• _Exercise_
Pull out of the data below the stretch of lines bounded by the one containing "Garrafa para pet" and the one containing "foto de Kit", both bounds included, unchanged.

Materials provided below:

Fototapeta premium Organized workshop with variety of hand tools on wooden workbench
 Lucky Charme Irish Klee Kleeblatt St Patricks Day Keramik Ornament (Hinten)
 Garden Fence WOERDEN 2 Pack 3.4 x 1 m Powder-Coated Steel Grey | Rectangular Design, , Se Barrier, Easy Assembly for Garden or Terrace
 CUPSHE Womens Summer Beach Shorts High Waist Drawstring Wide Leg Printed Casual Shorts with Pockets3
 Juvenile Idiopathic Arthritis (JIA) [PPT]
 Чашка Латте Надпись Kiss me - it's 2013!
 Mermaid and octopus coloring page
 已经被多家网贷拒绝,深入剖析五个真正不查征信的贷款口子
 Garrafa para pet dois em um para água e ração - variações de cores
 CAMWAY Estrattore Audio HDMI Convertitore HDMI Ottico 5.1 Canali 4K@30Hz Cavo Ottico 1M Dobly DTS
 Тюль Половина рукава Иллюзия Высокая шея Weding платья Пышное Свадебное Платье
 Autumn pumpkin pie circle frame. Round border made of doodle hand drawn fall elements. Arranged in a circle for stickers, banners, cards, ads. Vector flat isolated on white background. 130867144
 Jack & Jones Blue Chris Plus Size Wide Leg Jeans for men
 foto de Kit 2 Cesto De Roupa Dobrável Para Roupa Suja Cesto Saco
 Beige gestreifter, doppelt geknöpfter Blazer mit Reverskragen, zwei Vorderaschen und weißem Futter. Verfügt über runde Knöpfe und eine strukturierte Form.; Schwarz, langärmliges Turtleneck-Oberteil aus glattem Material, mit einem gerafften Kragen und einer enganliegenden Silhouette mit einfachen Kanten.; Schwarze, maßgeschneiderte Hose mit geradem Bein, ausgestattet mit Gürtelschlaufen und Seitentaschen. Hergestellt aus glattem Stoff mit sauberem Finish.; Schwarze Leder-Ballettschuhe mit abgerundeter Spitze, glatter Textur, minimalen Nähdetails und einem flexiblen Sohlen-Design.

End of Materials provided.

• _Answer for this exercise_
 Garrafa para pet dois em um para água e ração - variações de cores
 CAMWAY Estrattore Audio HDMI Convertitore HDMI Ottico 5.1 Canali 4K@30Hz Cavo Ottico 1M Dobly DTS
 Тюль Половина рукава Иллюзия Высокая шея Weding платья Пышное Свадебное Платье
 Autumn pumpkin pie circle frame. Round border made of doodle hand drawn fall elements. Arranged in a circle for stickers, banners, cards, ads. Vector flat isolated on white background. 130867144
 Jack & Jones Blue Chris Plus Size Wide Leg Jeans for men
 foto de Kit 2 Cesto De Roupa Dobrável Para Roupa Suja Cesto Saco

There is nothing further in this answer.